Segment Start: DATA SHOWN

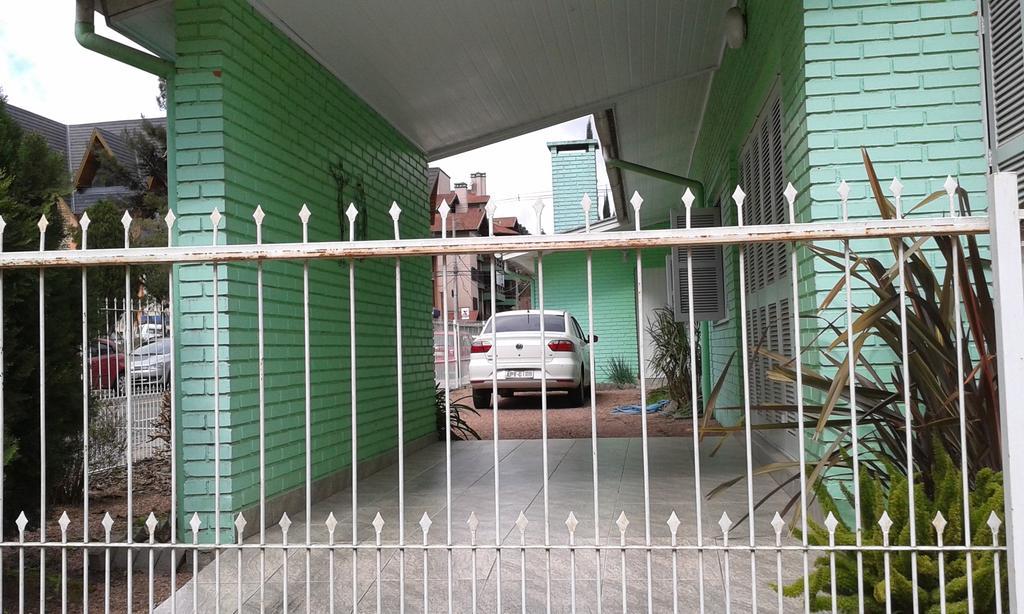 Casa Rua Padre Carmene Villa กรามาโด ภายนอก รูปภาพ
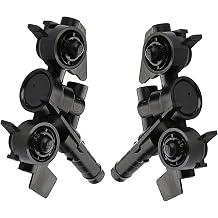 Headlight Washer Jet For Bmw For 3 Series For E46 1998-2004 Windshield Washer Spray Nozzles Left Side Right Side 61674290867 61674290868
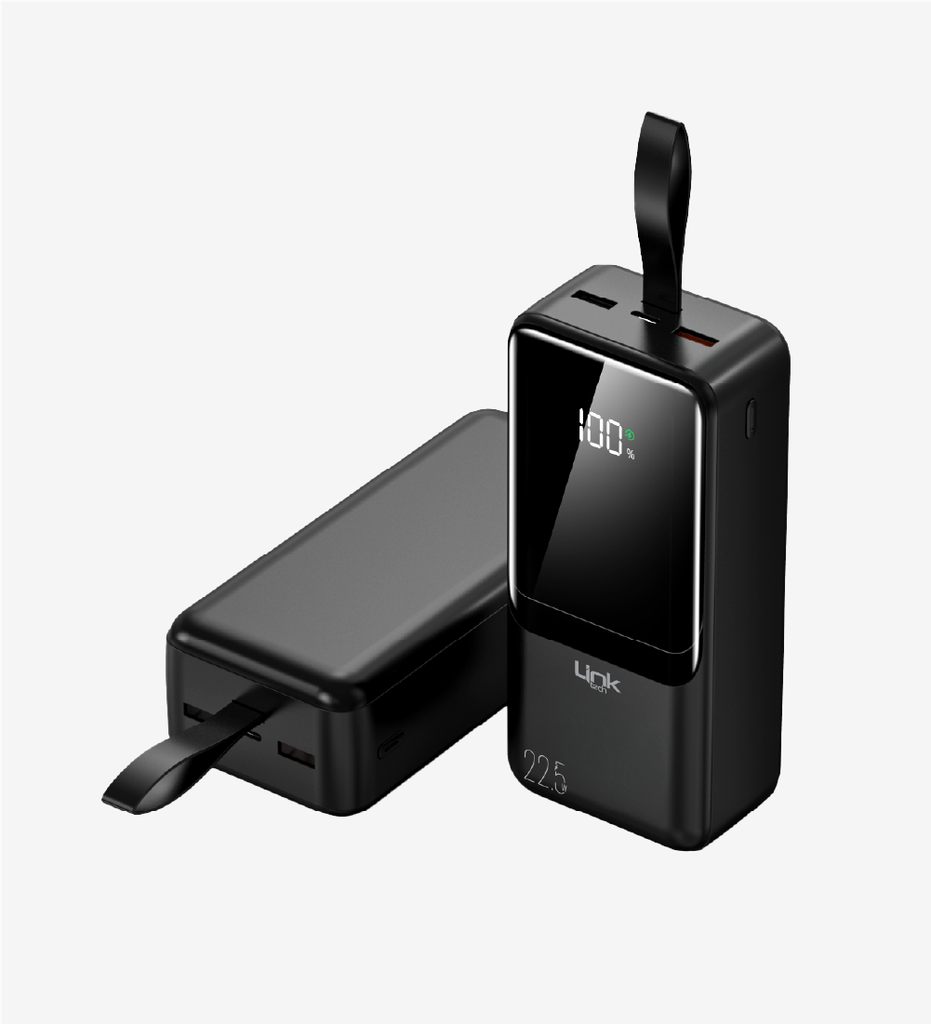 EF97 Strong 22.5W Çevre Dostu 36000mAh Powerbank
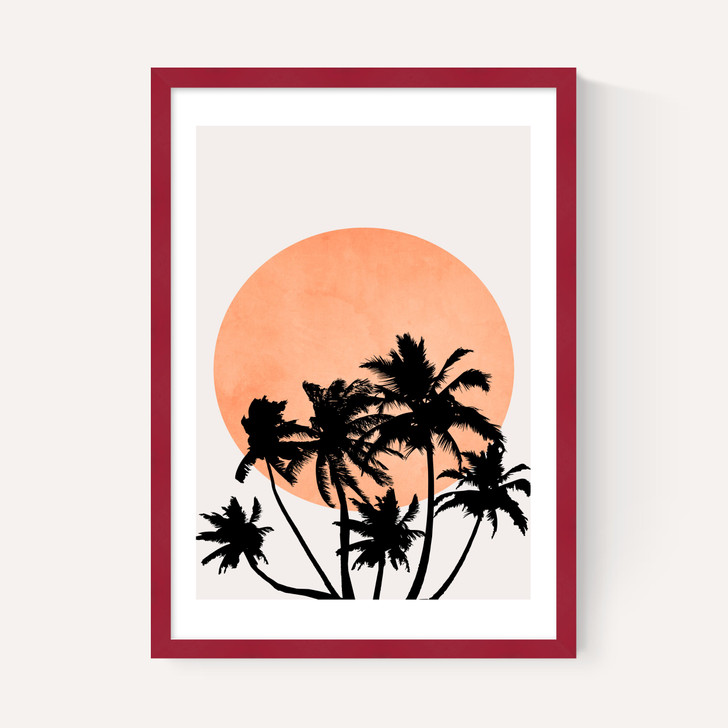 Miami Beach Peach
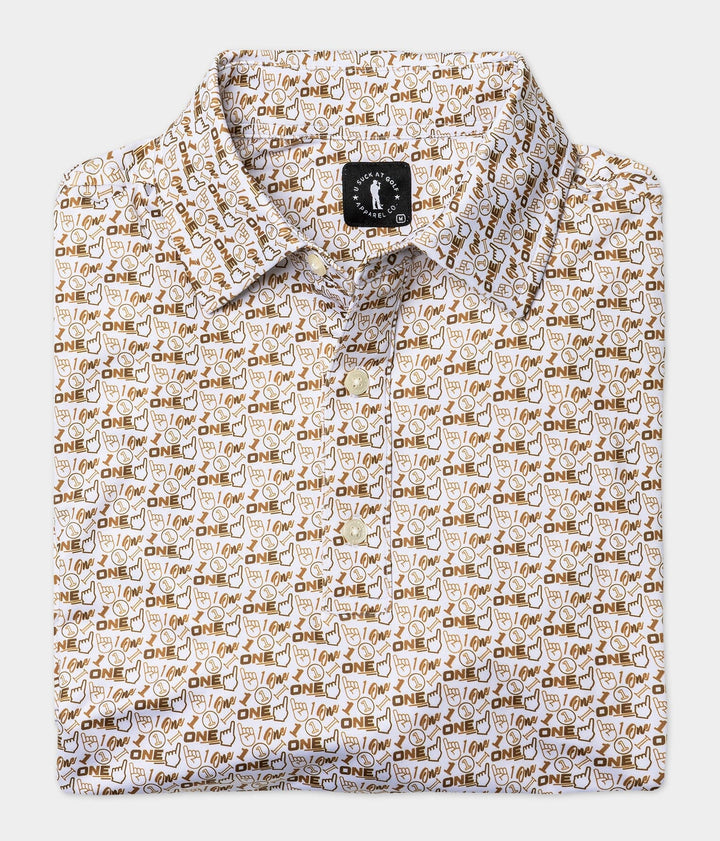 One In The Stink Polo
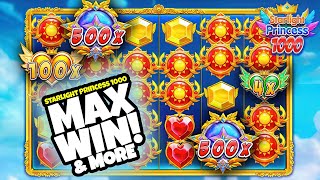 Download Lagu BET 7.50$ ON STARLIGHT PRINCESS X1000 AND MAXWIN ON IT! (PRAGMATIC PLAY) MP3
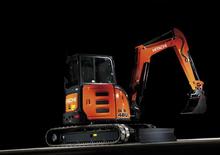 Mini excavatoare Hitachi ZX48U-5A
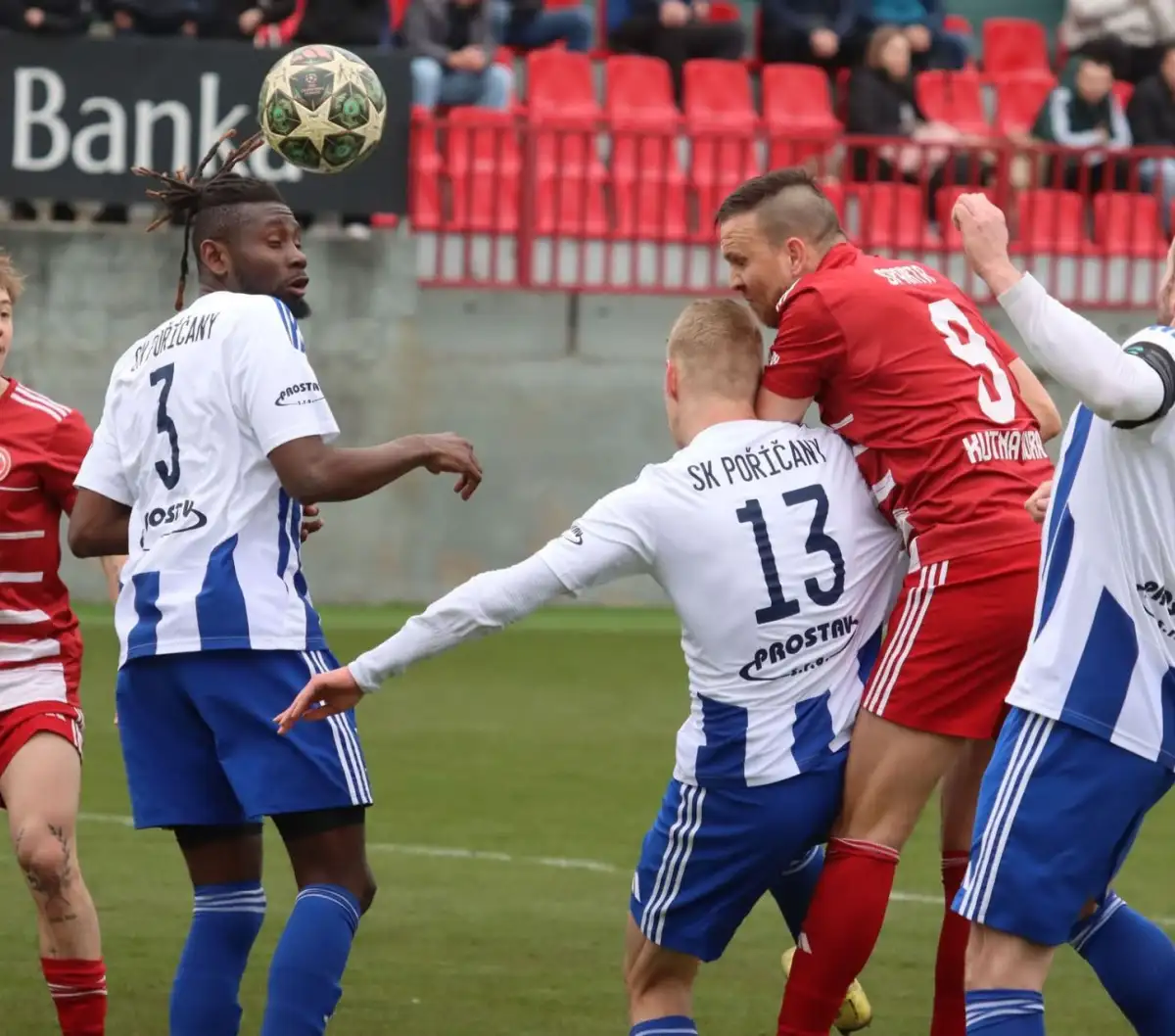 Kutná Hora vs.  Áčko   1:0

Segment End: DATA SHOWN

• _WORK REQUEST_
Write every entry out again exactly, dropping the pictures.

• _TASK RESULT_
 Casa Rua Padre Carmene Villa กรามาโด ภายนอก รูปภาพ
 Headlight Washer Jet For Bmw For 3 Series For E46 1998-2004 Windshield Washer Spray Nozzles Left Side Right Side 61674290867 61674290868
 EF97 Strong 22.5W Çevre Dostu 36000mAh Powerbank
 Miami Beach Peach
 One In The Stink Polo
 Download Lagu BET 7.50$ ON STARLIGHT PRINCESS X1000 AND MAXWIN ON IT! (PRAGMATIC PLAY) MP3
 Mini excavatoare Hitachi ZX48U-5A
 Kutná Hora vs.  Áčko   1:0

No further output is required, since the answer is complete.